Pacific Oyster (Magallana gigas). Image credit: Ryan Hodnett via Wikimedia Commons (CC BY 4.0).
Pacific oysters are vital to the ecosystem. They are also a popular seafood and are increasingly used in life science research as a model to represent animals without a backbone (known as invertebrates). However, these oysters are prone to deadly infections caused by bacteria and viruses.
Like humans, oysters and other invertebrates need an immune system to fight infections. Immune cells called hemocytes – which travel through the oyster’s body in a blood-like fluid called hemolymph – help eliminate bacteria, viruses and other disease-causing microbes by absorbing them, releasing toxic molecules, and producing natural antibiotics called antimicrobial peptides. However, it is still unclear how many types of hemocytes Pacific oysters have or what each type does.

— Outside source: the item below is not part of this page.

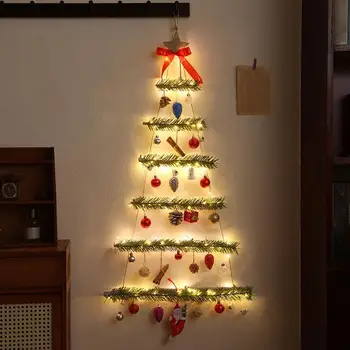  Настенная плоская рождественская елка Деревянная рамка Настенная елка с освещением Рождественская елка Декор в форме елки с Санта-Клаусом и колокольчиками для гостиной - Изображение 2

De La Forest Divonne et al. used single-cell RNA sequencing and other cell biology techniques to study the genetic activity and anatomy of immune cells in the Pacific oyster. The experiments confirmed that the oysters have at least seven distinct types of hemocytes, each with a specialized immune role, for example, some eat microbes while others produce antimicrobial peptides. The team also mapped how immature hemocytes develop into mature hemocytes with these specialist roles.
This work provides the first detailed atlas of oyster immune cells and reveals how their immune system is organized and operates. A deeper understanding of oyster immune cells may guide the development of new strategies to reduce disease outbreaks in farmed or wild oysters. Before these benefits can be realized, future studies must test how each type of hemocyte responds to actual infections and explore whether targeted treatments or breeding programs can enhance the immune systems of farmed oysters.